▶ **Exercise instructions**
Pictures in the entries below are excluded; copy only the lines from the one containing "May include: Navy" to the one containing "Group of women", both included.

•••••

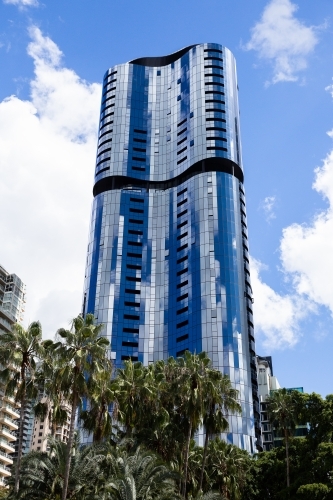 tall curved skyscraper with mirrored surface reflecting white clouds and blue sky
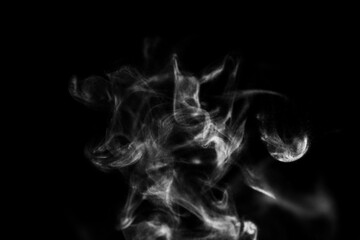 White steam smoke on solid black background with abstract blur motion wave swirl use as an overlay...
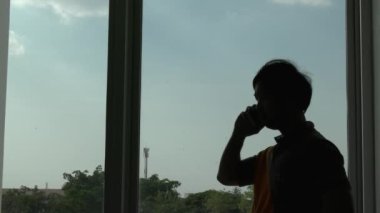 Pencere arkasında telefonla konuşan bir adamın silueti 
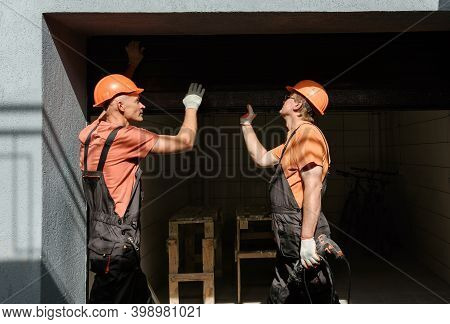Workers Are Installing Lift Gates In The Garage.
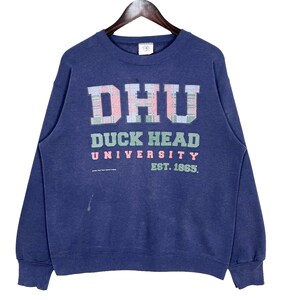 May include: Navy blue sweatshirt with the text "DHU DUCK HEAD UNIVERSITY EST. 1865" in a plaid design. The sweatshirt is hanging on a wooden hanger.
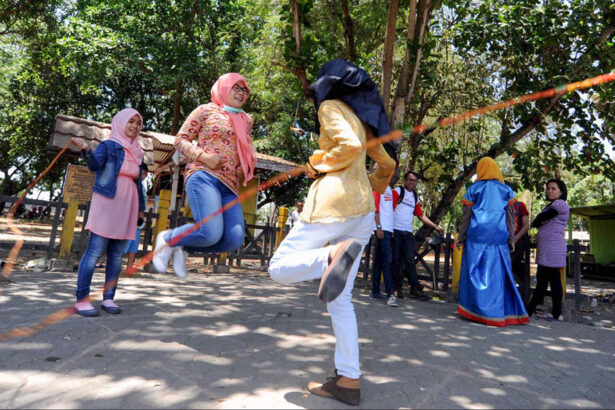 Group of women and girls skipping rope in a sunny park surrounded by trees.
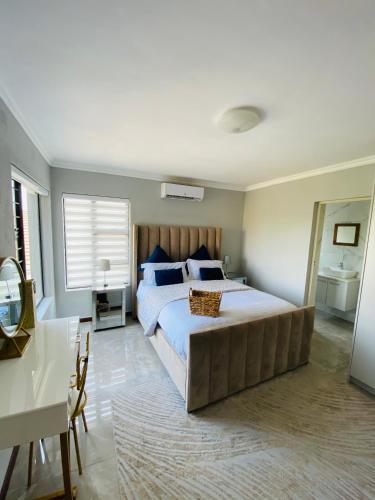 a bedroom with a large bed and a desk at ALIMU villa Mbombela in Nelspruit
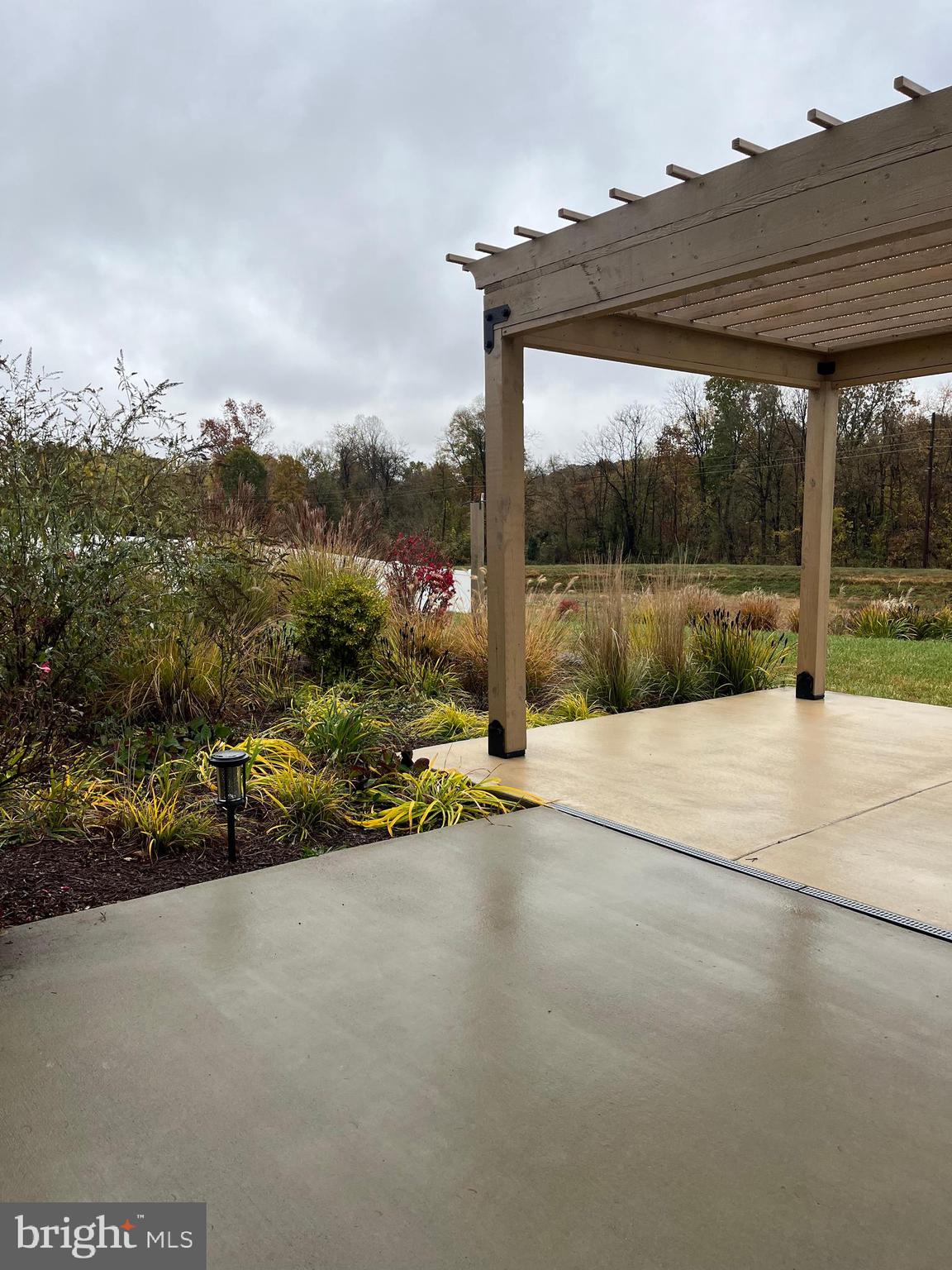 104 Rappahannock Run Falling Waters, WV 25419 - Photo 49 of 54 a view of a road with a yard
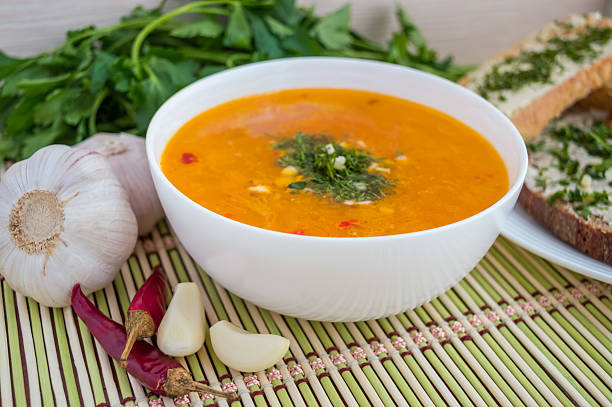 istock Traditional oriental soup with tomatoes, red lentils, green 528070660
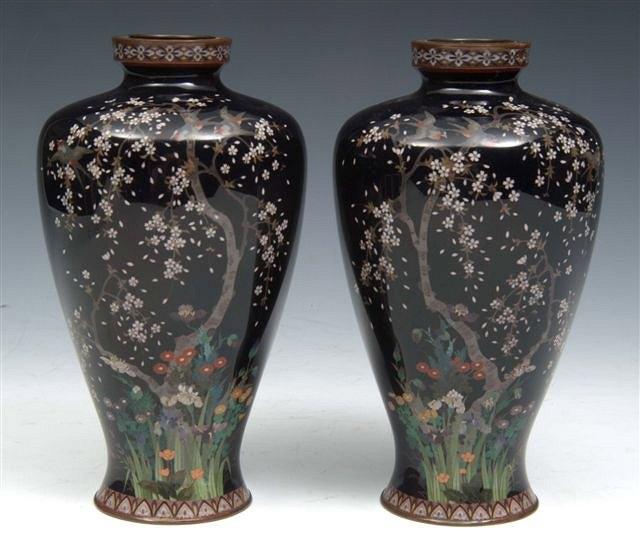 Appraisal: A PAIR OF JAPANESE BLACK GROUND CLOISONNE TAPERING VASES with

•••••

▶ **Task output**
 May include: Navy blue sweatshirt with the text "DHU DUCK HEAD UNIVERSITY EST. 1865" in a plaid design. The sweatshirt is hanging on a wooden hanger.
 Group of women and girls skipping rope in a sunny park surrounded by trees.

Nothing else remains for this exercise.